Viele Internet-Riesen geben zwei Aktientypen heraus, um sich Kontrollen zu entziehen. Käufer der einen sind stimmberechtigt, die anderen müssen schweigen, werden aber durch Dividendenzahlungen ruhiggestellt.
© (Quelle: Shutterstock/tanuha2001)

Auf diese Weise gelingt es Einzelpersonen oder einer kleinen Zahl von Unternehmern, die vollständige Kontrolle über ihre Unternehmen zu behalten, kritisiert Forscher Gregory H. Shill von der University of Iowa.

TikTok, Meta und Alphabet

"Als Professor für Gesellschaftsrecht möchte ich politische Entscheidungsträger und die Öffentlichkeit dringend bitten, die gesellschaftlichen Risiken eines Systems zu bedenken, das es einer einzelnen Person ermöglicht, die vollständige Kontrolle über ein grosses Unternehmen auszuüben", so der Experte in einem Beitrag für "The Conversation".
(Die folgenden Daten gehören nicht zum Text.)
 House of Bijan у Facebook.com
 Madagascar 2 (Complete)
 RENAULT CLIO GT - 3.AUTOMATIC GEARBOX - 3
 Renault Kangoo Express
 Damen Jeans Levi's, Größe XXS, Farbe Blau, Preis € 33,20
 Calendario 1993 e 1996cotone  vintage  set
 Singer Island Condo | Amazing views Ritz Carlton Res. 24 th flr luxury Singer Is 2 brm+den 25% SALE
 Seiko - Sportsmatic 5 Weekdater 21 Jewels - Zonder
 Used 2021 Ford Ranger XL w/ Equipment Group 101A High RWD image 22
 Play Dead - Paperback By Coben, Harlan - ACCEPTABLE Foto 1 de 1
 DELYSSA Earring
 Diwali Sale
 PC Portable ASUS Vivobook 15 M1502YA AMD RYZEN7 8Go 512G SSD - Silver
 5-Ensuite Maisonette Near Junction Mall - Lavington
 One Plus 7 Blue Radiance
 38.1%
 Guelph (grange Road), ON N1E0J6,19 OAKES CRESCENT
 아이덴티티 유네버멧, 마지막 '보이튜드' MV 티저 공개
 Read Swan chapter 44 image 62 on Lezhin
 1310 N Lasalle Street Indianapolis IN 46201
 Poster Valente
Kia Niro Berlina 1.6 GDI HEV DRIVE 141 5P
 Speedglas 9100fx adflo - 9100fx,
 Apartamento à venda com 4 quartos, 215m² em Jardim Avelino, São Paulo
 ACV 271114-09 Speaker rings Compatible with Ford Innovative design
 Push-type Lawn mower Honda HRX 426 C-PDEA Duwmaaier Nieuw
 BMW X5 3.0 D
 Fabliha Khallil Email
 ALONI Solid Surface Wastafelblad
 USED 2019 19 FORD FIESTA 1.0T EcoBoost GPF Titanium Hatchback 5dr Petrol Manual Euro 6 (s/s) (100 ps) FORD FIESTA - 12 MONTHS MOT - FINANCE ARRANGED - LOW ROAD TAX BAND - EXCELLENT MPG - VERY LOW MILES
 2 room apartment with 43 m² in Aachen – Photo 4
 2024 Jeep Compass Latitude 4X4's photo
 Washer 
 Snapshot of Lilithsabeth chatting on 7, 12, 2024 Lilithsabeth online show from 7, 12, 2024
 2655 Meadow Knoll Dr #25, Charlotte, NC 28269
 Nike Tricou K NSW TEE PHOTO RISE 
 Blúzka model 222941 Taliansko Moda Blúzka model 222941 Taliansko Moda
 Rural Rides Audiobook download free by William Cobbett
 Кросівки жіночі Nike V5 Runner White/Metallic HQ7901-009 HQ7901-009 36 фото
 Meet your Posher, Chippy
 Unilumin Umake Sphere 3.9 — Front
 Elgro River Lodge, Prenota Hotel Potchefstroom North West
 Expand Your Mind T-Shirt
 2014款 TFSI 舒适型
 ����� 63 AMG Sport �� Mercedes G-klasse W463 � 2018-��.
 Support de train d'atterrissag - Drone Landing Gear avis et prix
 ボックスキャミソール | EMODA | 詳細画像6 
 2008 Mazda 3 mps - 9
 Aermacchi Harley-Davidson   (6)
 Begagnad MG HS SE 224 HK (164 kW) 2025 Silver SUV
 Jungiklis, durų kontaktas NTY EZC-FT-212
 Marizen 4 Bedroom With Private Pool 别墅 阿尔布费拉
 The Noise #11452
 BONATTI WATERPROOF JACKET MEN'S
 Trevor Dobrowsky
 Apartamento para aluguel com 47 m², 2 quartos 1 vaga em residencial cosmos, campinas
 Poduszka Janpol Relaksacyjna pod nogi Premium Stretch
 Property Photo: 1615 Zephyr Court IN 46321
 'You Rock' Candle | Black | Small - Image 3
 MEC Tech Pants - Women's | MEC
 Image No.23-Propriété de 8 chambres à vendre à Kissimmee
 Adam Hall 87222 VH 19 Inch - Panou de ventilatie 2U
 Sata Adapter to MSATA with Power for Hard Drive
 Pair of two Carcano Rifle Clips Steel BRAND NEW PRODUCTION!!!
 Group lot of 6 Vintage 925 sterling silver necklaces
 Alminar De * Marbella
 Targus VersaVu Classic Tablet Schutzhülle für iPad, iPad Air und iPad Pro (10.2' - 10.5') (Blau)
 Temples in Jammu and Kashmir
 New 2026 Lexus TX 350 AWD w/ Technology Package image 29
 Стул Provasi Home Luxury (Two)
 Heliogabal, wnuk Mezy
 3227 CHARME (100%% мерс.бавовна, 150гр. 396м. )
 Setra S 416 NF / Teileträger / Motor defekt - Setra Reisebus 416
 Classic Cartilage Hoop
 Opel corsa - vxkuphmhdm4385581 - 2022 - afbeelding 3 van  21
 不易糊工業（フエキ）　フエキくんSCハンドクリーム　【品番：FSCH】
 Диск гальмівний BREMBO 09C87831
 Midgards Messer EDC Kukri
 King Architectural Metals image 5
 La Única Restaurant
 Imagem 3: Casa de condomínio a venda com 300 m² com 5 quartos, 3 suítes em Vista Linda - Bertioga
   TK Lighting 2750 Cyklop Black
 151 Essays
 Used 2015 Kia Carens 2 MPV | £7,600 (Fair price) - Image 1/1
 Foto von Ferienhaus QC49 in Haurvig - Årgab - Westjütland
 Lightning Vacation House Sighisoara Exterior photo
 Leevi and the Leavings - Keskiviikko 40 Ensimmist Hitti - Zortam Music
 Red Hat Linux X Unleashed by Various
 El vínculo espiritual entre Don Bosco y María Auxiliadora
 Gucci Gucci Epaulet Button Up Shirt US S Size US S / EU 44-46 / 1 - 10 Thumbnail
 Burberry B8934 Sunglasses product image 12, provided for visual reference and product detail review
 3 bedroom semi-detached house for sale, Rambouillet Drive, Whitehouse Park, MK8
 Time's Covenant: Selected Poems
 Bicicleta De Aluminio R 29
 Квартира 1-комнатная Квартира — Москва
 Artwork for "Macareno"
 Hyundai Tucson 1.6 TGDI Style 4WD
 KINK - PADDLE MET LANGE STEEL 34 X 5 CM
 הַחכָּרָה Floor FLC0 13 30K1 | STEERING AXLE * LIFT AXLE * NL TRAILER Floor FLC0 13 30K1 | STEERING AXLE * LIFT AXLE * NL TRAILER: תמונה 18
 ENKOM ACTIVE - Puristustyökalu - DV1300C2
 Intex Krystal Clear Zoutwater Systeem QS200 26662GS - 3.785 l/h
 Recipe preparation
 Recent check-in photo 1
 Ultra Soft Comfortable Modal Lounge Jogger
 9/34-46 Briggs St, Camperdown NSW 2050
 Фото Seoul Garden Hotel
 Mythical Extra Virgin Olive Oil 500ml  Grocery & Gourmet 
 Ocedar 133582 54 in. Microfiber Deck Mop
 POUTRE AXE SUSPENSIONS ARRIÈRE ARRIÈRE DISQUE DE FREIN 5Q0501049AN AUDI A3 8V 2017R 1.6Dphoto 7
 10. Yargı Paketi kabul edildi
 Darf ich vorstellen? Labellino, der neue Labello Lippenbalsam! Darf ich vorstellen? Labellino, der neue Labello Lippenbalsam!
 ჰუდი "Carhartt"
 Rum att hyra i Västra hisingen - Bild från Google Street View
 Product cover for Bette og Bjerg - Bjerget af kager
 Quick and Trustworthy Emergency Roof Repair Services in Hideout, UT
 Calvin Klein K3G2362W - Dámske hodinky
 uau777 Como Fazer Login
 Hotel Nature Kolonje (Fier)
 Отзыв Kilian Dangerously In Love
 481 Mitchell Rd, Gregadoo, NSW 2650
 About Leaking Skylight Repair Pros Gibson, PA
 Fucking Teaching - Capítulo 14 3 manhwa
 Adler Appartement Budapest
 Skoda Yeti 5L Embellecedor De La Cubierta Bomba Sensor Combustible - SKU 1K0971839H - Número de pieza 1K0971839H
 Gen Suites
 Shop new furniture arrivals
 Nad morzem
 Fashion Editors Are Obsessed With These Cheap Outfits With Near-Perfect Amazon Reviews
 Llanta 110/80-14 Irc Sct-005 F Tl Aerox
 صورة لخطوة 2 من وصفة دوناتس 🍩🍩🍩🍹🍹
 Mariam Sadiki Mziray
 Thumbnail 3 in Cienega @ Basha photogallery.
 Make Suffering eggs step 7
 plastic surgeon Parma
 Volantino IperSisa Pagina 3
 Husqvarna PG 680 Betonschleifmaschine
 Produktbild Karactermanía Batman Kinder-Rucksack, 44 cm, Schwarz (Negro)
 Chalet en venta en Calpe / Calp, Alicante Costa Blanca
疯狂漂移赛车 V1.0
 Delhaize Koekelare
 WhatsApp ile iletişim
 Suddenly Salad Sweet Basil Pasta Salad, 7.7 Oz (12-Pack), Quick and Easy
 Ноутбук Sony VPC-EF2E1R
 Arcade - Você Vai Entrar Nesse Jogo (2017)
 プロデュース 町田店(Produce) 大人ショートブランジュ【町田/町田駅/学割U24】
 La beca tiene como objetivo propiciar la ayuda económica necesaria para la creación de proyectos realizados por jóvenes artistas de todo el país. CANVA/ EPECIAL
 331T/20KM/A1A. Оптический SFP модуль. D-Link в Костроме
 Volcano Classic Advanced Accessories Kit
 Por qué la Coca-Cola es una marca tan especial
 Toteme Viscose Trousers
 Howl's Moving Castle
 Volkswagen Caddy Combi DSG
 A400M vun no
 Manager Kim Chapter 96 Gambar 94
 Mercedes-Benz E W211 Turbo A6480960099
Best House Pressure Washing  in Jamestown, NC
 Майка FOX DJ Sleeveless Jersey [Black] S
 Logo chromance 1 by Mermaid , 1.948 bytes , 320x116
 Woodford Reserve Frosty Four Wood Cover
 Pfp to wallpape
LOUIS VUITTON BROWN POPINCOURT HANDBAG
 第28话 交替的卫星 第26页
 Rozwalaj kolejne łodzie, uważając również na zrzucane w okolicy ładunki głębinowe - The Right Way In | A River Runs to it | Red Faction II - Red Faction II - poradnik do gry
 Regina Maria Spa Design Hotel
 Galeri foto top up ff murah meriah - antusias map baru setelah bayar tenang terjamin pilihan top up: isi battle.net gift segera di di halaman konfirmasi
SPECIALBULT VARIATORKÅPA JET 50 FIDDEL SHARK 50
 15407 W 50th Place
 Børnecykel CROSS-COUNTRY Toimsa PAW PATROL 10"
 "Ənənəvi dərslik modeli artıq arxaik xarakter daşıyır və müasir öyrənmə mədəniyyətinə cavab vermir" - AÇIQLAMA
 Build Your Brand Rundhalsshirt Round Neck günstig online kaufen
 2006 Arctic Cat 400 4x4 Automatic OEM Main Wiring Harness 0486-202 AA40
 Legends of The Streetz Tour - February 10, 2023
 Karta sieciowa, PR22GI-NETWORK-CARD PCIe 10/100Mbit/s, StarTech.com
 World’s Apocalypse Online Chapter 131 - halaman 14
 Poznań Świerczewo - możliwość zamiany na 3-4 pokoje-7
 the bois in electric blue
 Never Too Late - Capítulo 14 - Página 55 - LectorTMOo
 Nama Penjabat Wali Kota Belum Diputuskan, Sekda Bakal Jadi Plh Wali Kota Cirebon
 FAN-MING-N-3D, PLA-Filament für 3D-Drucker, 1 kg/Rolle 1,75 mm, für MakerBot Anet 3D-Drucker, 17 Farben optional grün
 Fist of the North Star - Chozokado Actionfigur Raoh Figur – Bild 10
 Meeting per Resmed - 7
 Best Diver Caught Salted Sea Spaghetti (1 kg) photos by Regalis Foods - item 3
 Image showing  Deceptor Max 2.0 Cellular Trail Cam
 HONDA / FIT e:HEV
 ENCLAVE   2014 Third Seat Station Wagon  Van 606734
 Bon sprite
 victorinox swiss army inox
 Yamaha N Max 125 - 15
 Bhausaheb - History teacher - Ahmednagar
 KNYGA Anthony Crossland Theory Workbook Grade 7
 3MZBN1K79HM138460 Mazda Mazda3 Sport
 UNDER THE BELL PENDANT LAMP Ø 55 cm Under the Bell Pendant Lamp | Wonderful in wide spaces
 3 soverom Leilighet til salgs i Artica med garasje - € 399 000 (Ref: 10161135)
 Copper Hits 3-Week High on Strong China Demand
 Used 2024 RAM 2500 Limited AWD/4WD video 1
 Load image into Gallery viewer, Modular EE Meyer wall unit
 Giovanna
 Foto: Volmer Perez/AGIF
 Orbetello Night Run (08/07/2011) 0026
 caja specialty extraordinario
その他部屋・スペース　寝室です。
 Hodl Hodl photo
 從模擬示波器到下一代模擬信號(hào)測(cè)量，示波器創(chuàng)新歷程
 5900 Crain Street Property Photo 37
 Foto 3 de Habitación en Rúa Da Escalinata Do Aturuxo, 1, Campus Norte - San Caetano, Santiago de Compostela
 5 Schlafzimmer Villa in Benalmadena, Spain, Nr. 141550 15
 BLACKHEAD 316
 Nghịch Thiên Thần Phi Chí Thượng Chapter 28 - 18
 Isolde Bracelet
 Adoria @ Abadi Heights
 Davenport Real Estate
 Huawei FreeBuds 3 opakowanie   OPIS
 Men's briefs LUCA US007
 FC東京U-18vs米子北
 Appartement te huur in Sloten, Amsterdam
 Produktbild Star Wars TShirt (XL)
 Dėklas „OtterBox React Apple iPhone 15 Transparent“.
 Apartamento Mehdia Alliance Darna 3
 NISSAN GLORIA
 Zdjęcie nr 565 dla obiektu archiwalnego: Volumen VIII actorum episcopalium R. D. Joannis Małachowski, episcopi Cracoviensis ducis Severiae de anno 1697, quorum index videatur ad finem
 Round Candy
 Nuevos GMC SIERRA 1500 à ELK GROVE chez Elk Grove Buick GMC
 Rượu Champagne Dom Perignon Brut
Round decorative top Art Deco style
TikTok droht in den USA ein Verbot, weil der Gesetzgeber fürchtet, dass der chinesische Besitzer ByteDance als alleiniger Kontrolleur mithilfe der Plattform Spionage betreiben könnte. Laut Shill sind derartige Konstruktionen in diesem Genre keine Seltenheit. "Es könnte die Amerikaner überraschen, dass fast jeder Social-Media-Riese von nur ein oder zwei Männern kontrolliert wird", schreibt er. Mark Zuckerberg kontrolliere Meta, dem Facebook, Instagram und WhatsApp gehören, während Larry Page und Sergey Brin Alphabet beherrschen, Muttergesellschaft von YouTube und Google.

"Königliche Unternehmer"

Aktien dieser Unternehmen werden an der Börse gehandelt und jeder kann diese kaufen oder verkaufen. Aber der Rechtsmechanismus der zwei Klassen gibt den Gründern zusätzliche Stimmen bei Entscheidungen der Aktionäre. "Die Struktur mit zwei Klassen krönt diese Männer zu königlichen Unternehmern, wie es ein ehemaliger Kommissar der US-Börsenaufsichtsbehörde SEC ausgedrückt hat, und verleiht ihnen eine nahezu absolute Kontrolle über die Unternehmenspolitik und -ressourcen", klagt Shill. Auch ByteDance und damit TikTok werde de facto von einem einzelnen Mann geführt, von Zhang Yiming, einem der Gründer.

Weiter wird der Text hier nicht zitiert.